╭──

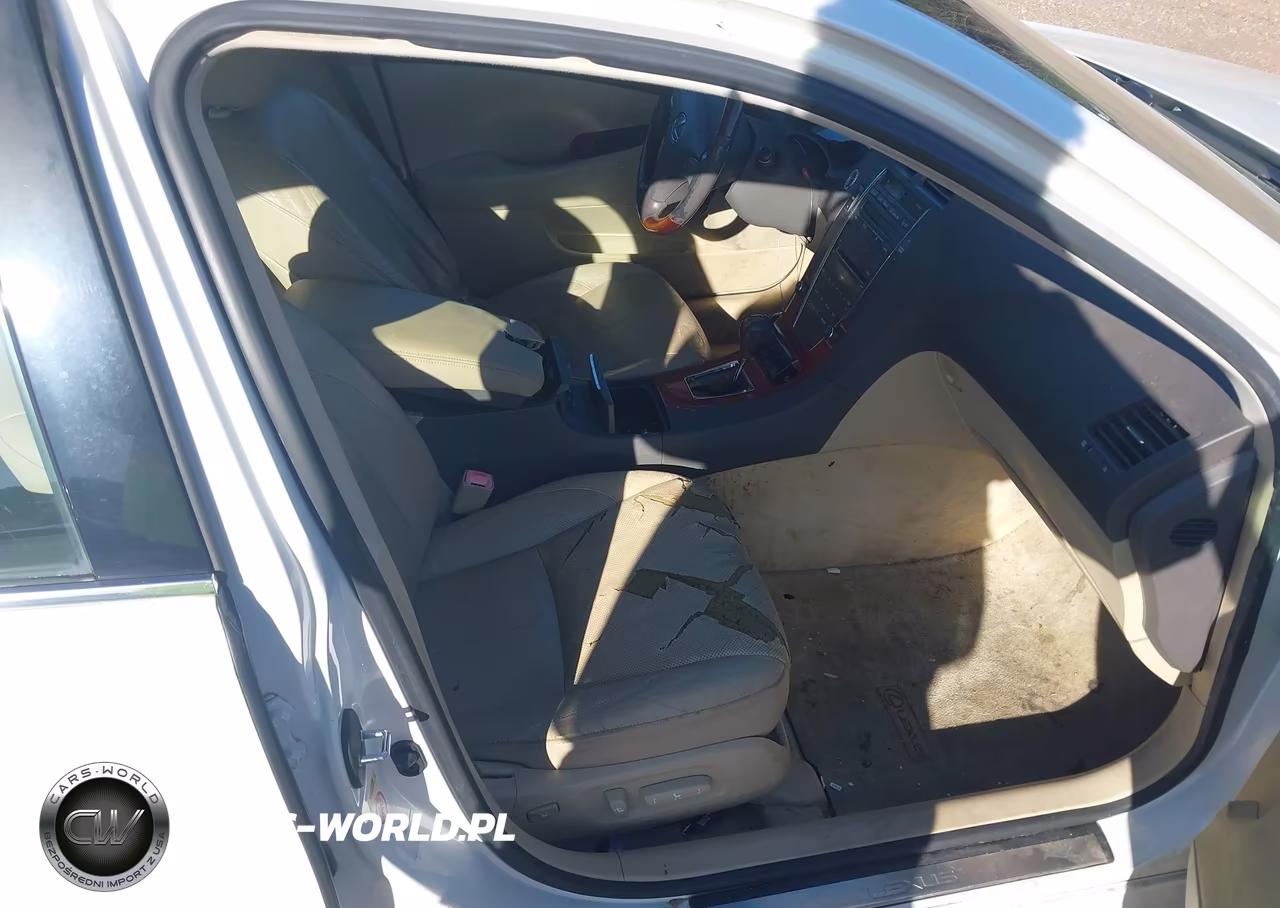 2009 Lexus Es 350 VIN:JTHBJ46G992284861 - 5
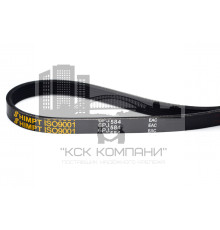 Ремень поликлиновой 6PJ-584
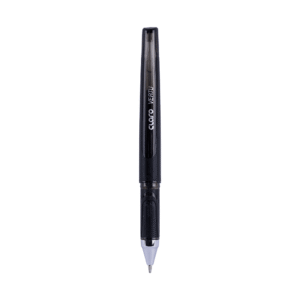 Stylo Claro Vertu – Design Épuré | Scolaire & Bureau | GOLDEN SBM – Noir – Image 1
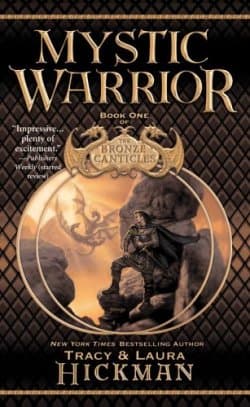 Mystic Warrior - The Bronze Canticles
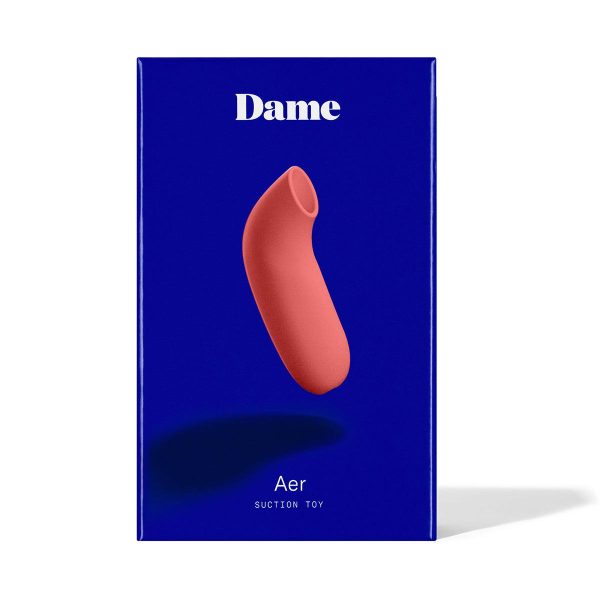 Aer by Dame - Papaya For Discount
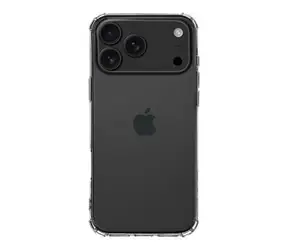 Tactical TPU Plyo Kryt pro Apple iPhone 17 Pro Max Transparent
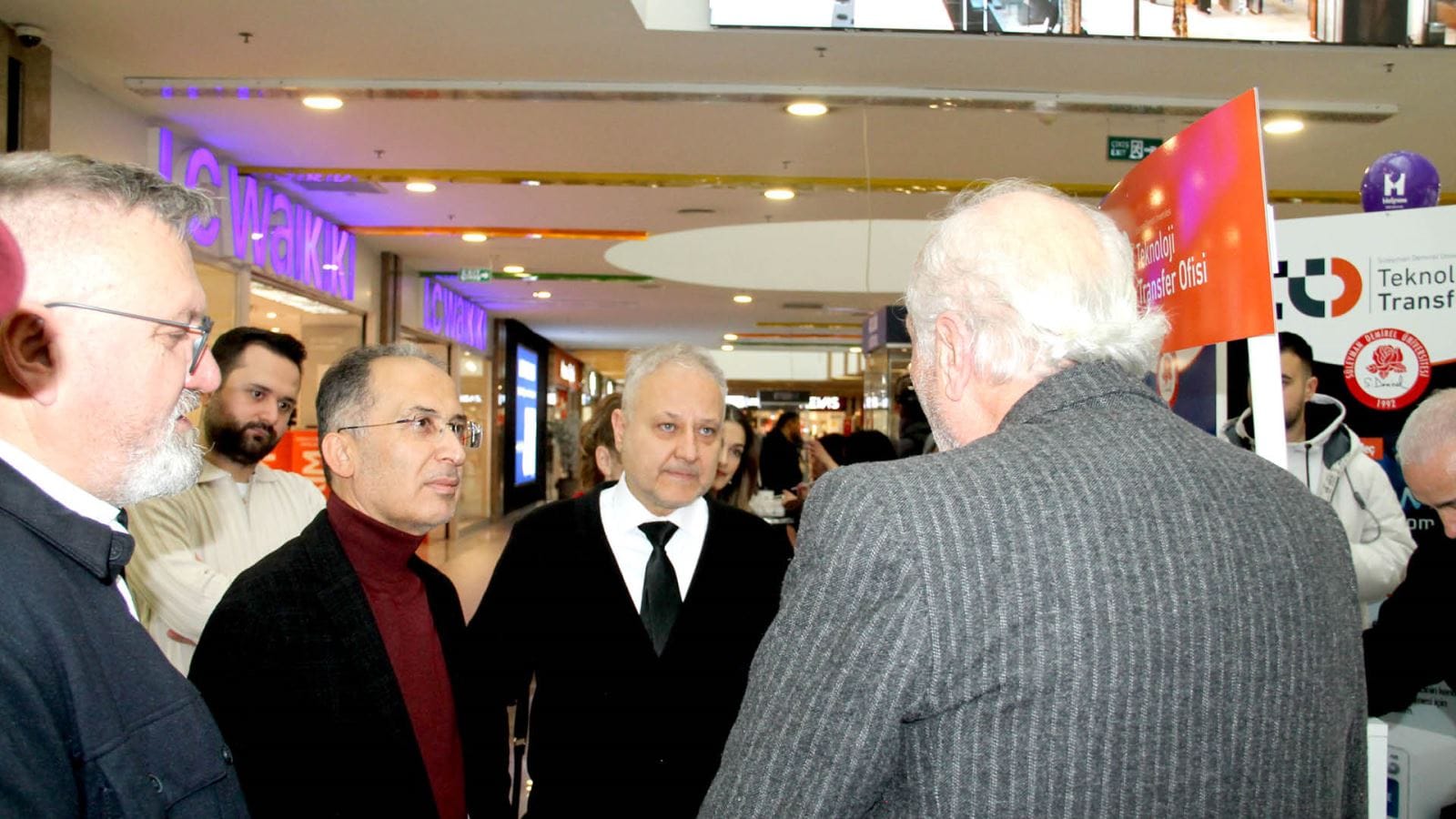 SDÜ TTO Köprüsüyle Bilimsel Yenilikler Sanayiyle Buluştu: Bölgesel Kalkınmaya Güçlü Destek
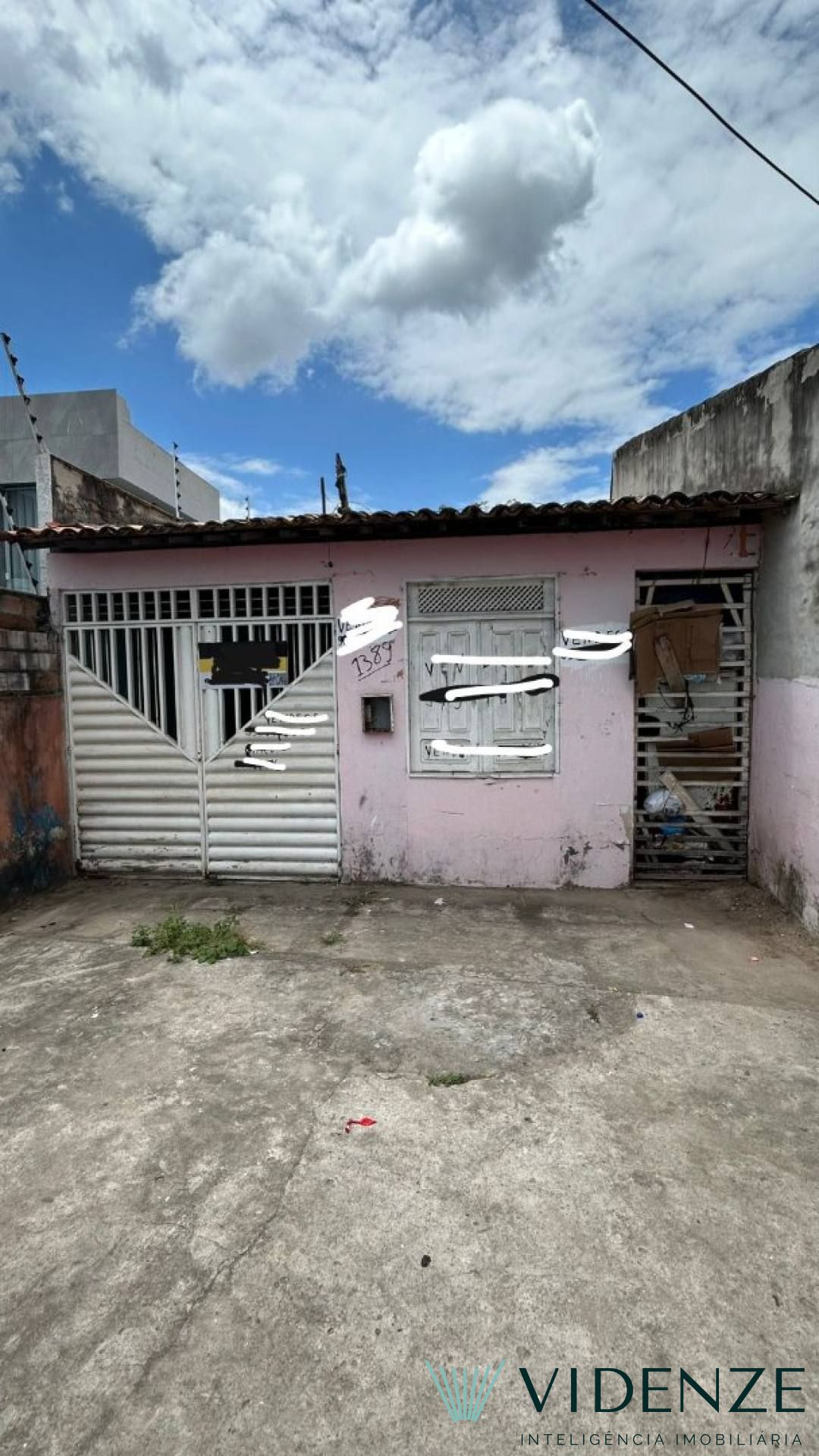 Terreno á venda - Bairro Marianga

╰──

### Task:
An exact reproduction of the material above is needed, without its pictures.

### Solution to this exercise:
 2009 Lexus Es 350 VIN:JTHBJ46G992284861 - 5
 Ремень поликлиновой 6PJ-584
 Stylo Claro Vertu – Design Épuré | Scolaire & Bureau | GOLDEN SBM – Noir – Image 1
 Mystic Warrior - The Bronze Canticles
 Aer by Dame - Papaya For Discount
 Tactical TPU Plyo Kryt pro Apple iPhone 17 Pro Max Transparent
 SDÜ TTO Köprüsüyle Bilimsel Yenilikler Sanayiyle Buluştu: Bölgesel Kalkınmaya Güçlü Destek
 Terreno á venda - Bairro Marianga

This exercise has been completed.